LINKÖPING UNIVERSITY
Department of Computer and Information Science
Division of statistics
Task 3: Residual analysis and modelling
The data file softdrinks_res.xls contains data on the quantities of soft drinks sold by a
shop in a residential area. Your task is to step by step build a prediction model for the
quantities sold.
a) Import the file softdrinks_res.xls to SAS and set suitable model roles for all
variables. Use the Sampling node in Enterprise Miner (EM) and a manually typed
seed to select a sample comprising 90% of the data. This data set will then be
your raw data. Include the seed in your report.
b) Use proc gam in SAS to fit a model with log_quantity as target and weekday
dummies and spline functions of the day_of_year and time as predictors.
c) Plot the residuals in task b against suitably selected variables and explain how
such plots can help you modify the degrees of freedom of the spline functions.
d) Introduce a spline function of temperature in the additive model and plot the sum
of the linear and nonlinear parts of this spline function. Also determine whether or
not these components are statistically significant.

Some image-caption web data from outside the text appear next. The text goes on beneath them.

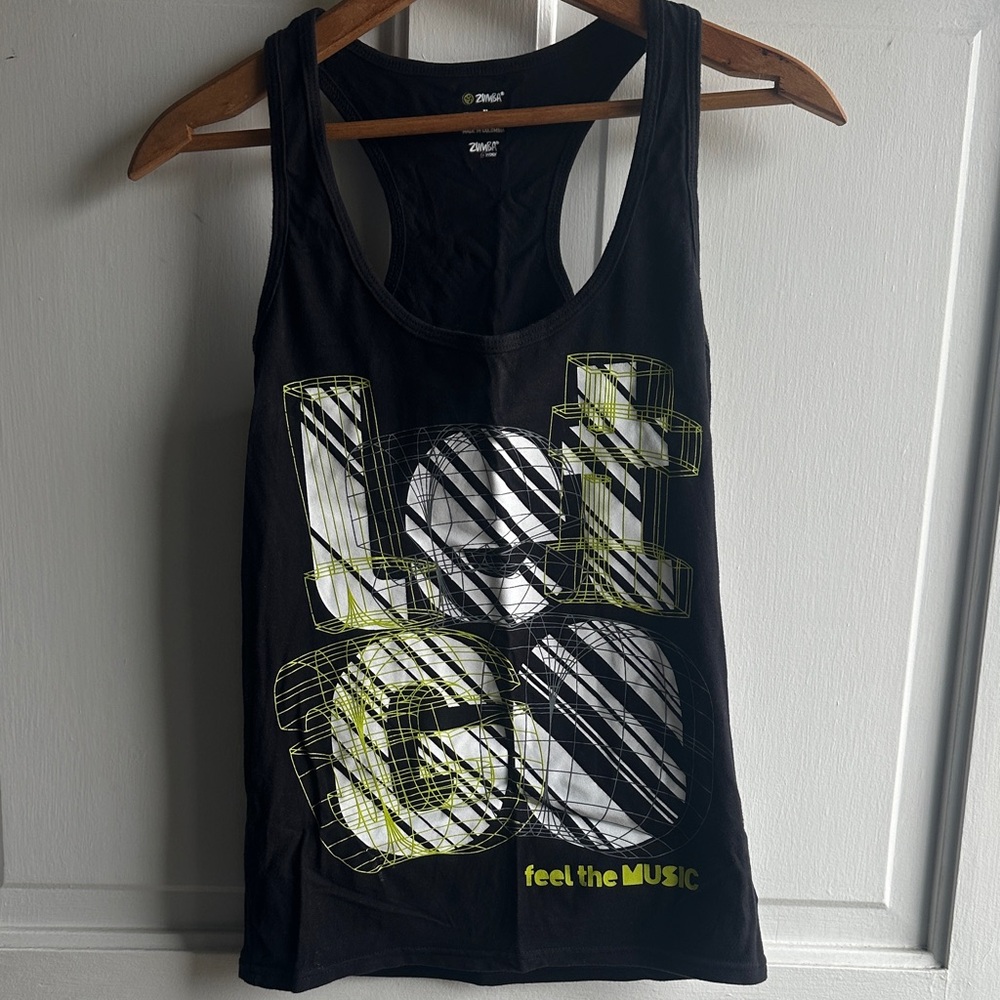 Zumba Fitness Black and White Tank Top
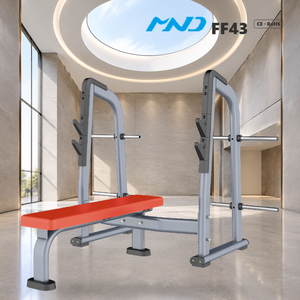 Banco Plano Profesional Compacto y Elegante MND para Gimnasio, Equipo de Entrenamiento de Fuerza, Bajo Mantenimiento - Product Image 1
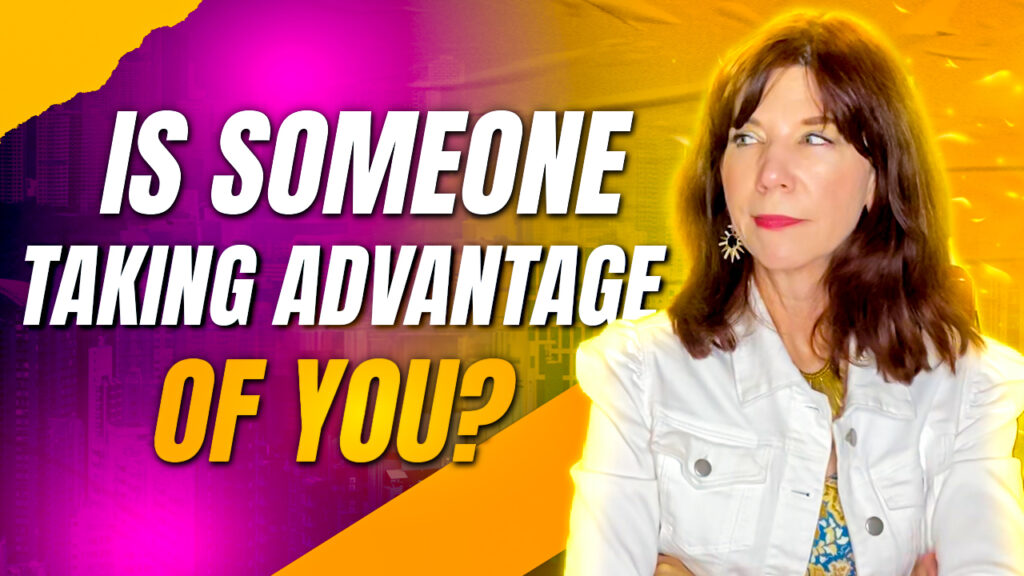 Is someone taking advantage of you? reads the text next to a picture of Antoinette Griffin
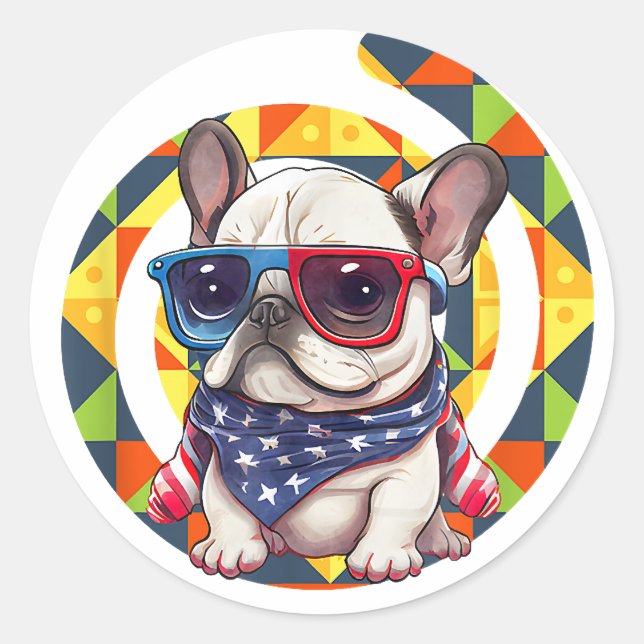 Adesivo Redondo Elegante Azul Padrão Floral Cerâmica (Frente)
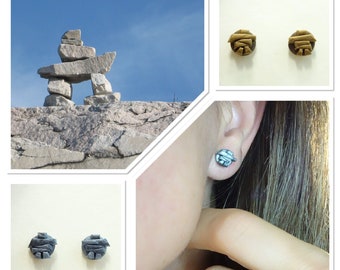 INUKSHUK earring / perfect for mountain lovers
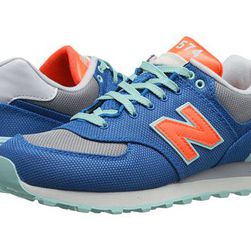 Incaltaminte Femei New Balance WL574 BlueOrange Textile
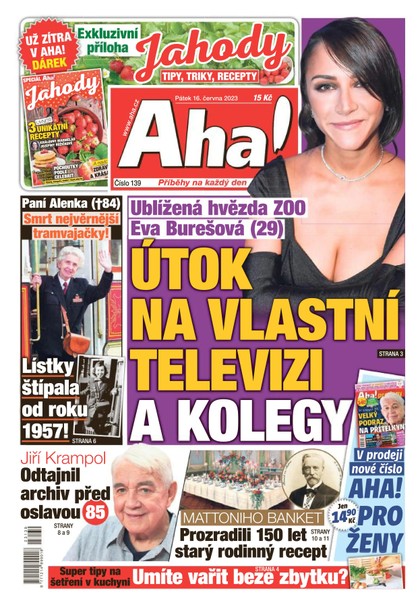 E-magazín AHA! - 16.6.2023 - CZECH NEWS CENTER a. s.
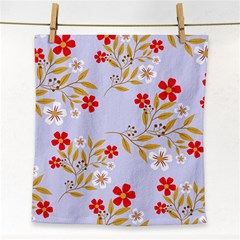 Nature Illustration Pattern Flower Floral Face Towel by Ravend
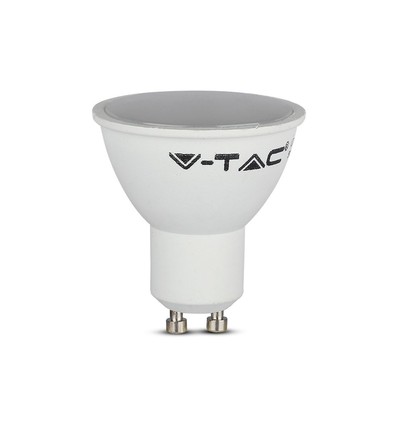 3 stk. GU10 4,5W LED pære - 400lm, mat glas, varm hvid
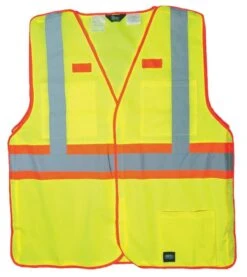 2x-Large High-Visibility Yellow ANSI Class 2 Break-A-Way Solid Vest -Hand Tools Sale 99.39 1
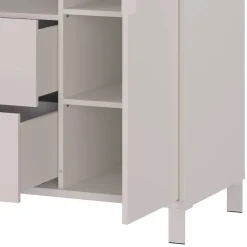 Wohnen Kinderkommoden|Kindermöbel*Kommode Wickelkommode in Hellgrau - Afilon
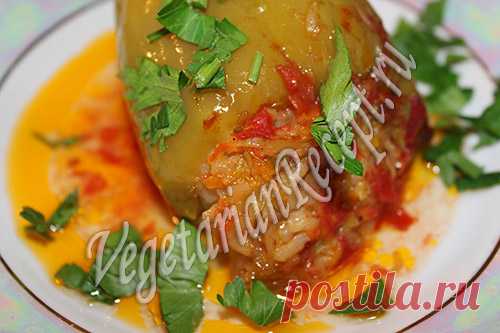 Перец, фаршированный овощами и рисом Перец, фаршированный овощами и рисом - такого вкусного вы еще не пробовали! Пошаговый рецепт с фото.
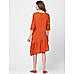 Orange Asymmetric Dress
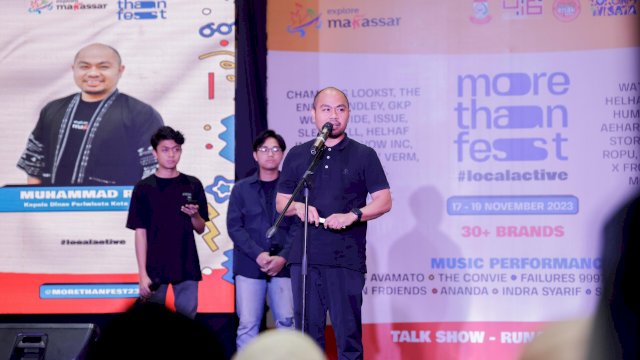 Dispar Makassar Bangkitkan Kreativitas dan Promosikan Produk Lokal Melaui More Than Fest 2023
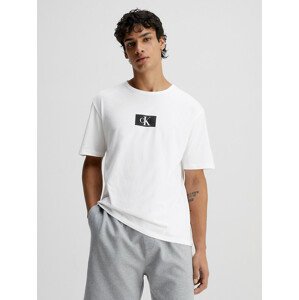 Pánské tričko Organic Cotton Lounge T-Shirt CK96 000NM2399E100 bílá - Calvin Klein S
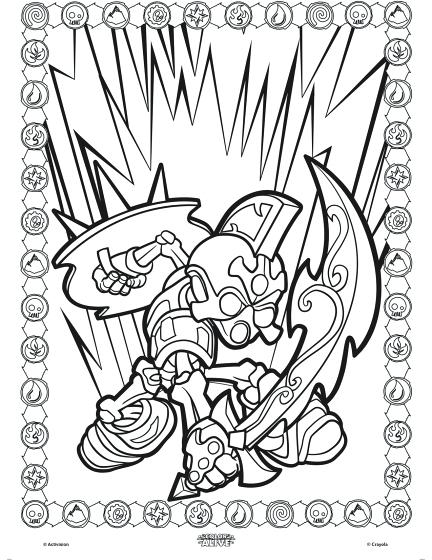 432x560 Skylanders Color Pages Color Alive Chop Chop Skylanders Swap Force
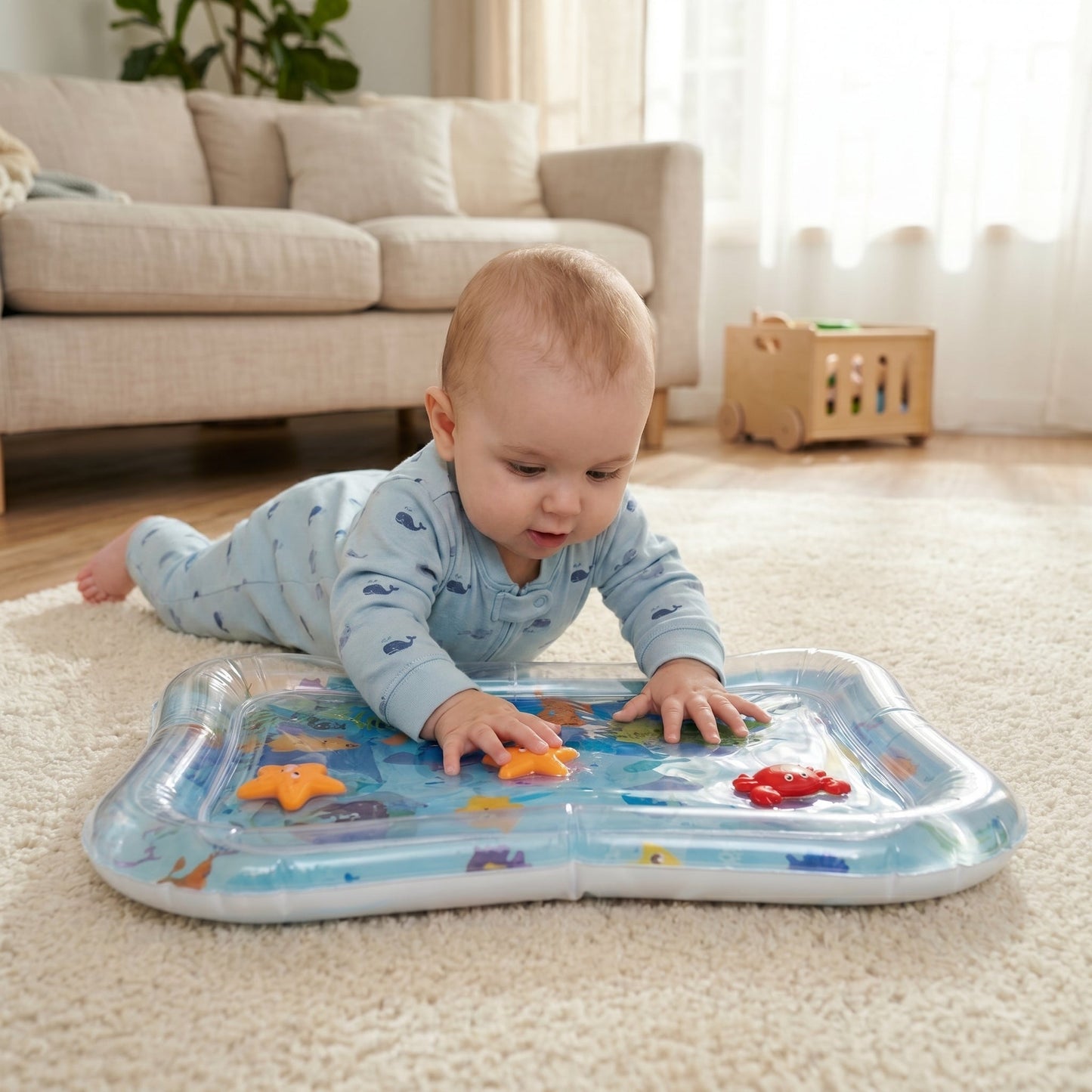 Sensory Water Play Mat for Babies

e) Introduce a set of holiday dummies in your model and use visual inspection of
suitably selected residual plots to assess the presence of interaction effects
influencing the target variable.
f) Explain how certain interaction effects can be incorporated into generalized
additive models.
g) Examine the presence of substantial interaction effects in your model of the log
quantity sold and discuss whether or not these effects can be handled in proc gam.
To hand in
Highlighted items with clear and well organized answers and insightful comments and
explanations.
Grading
The solutions to the three tasks will be graded from 0 to 10, and a minimum of 12 points
are required to pass the course with grade D. Higher scores will yield higher grades. The
clarity and quality of motivations and comments play an important role in the grading.